Betty bajó la cabeza.

– Sí, señorita.

Yo dije, sonriendo:

– ¿Cómo estás, Betty?

– Muy bien, gracias, señor.

– Me alegro de saberlo y de verte con tan buen aspecto. ¡Y además tan elegante!

Lo dije sin malicia, pero a ella se le oscureció un poco el semblante, como si sospechara que me burlaba de ella, y entonces recordé que se había quejado del «vestido y la cofia espantosos» que los Ayres le obligaban a ponerse. Lo cierto es que su atuendo era bastante singular, un vestido negro y un delantal blanco, los puños almidonados y un cuello que empequeñecían sus muñecas y su garganta de niña; y en la cabeza llevaba una cofia recargada de flecos, una de aquellas cosas que yo no recordaba haber visto en un salón de Warwickshire desde antes de la guerra. Pero en aquel escenario anticuado y de una elegancia desastrada era algo difícil imaginarla vestida de otra manera.

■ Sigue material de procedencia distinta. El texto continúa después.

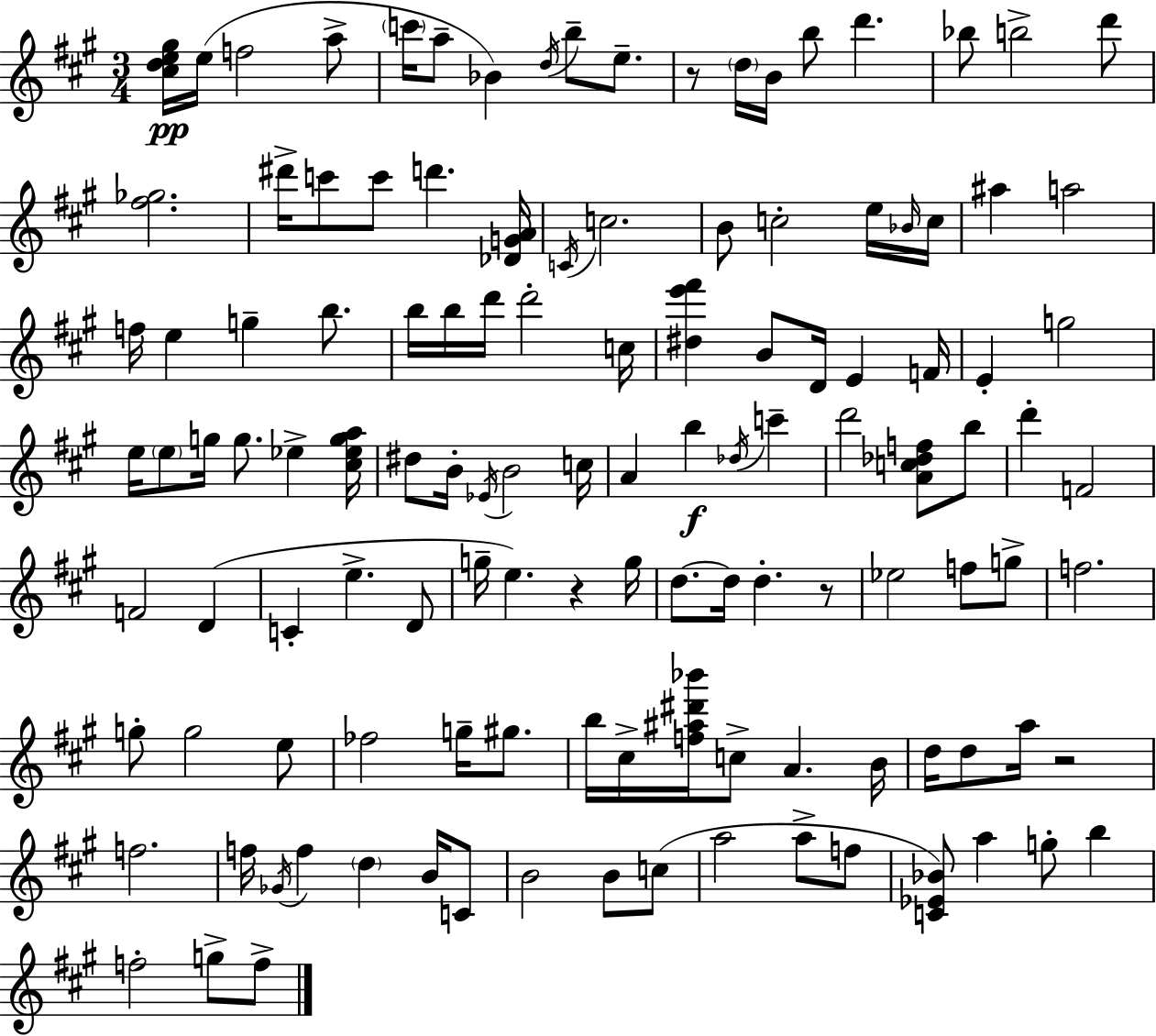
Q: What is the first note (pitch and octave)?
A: E5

Y parecía bastante saludable, y se esmeró en distribuir las tazas y las porciones de bizcocho como si se estuviera adaptando muy bien a la casa. Cuando terminó, incluso inclinó la cabeza, al modo de una reverencia incompleta. La señora Ayres dijo: «Gracias, Betty, así está bien», y la criada se dio media vuelta y se retiró. Oímos el retumbo y el crujido de sus zapatos de suela sólida cuando se dirigía de regreso al sótano.

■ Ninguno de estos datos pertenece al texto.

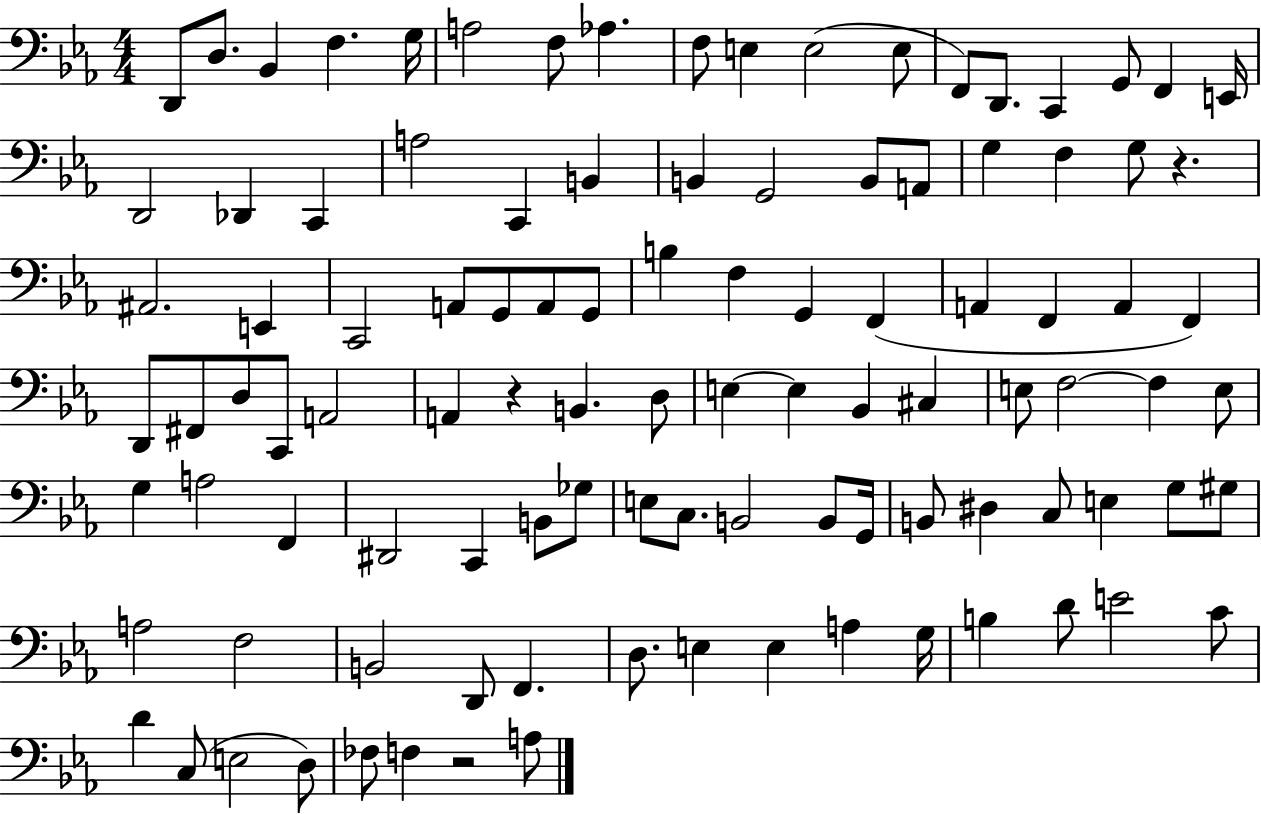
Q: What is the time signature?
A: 4/4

Caroline puso en el suelo un cuenco de té para que Gyp lo lamiese y dijo:

– Pobre Betty. No es una camarera innata.

Pero su madre se mostró indulgente.

– Oh, hay que darle más tiempo. Siempre recuerdo que mi tía abuela decía que una casa bien gobernada era como una ostra. Las chicas te llegan como granos de arenilla; diez años después, se marchan como perlas.

Se dirigía tanto a mí como a Caroline, olvidando obviamente, de momento, que mi propia madre había sido uno de los granos de arenilla de los que hablaba su tía abuela. Creo que hasta Caroline lo había olvidado. Estaban sentadas cómodamente en sus asientos, degustando el té y el bizcocho que Betty les había preparado y luego les había traído torpemente y a continuación había cortado y servido en unos platos y tazas que, al sonar una campanilla, pronto recogería y lavaría… Esta vez no dije nada, sin embargo. Yo también degustaba el té y el pastel. Pues si la casa, al igual que una ostra, estaba moldeando a Betty, refinándola y ocultándola con una capa minúscula tras otra de su propio encanto particular, supongo que ya había iniciado un proceso similar conmigo.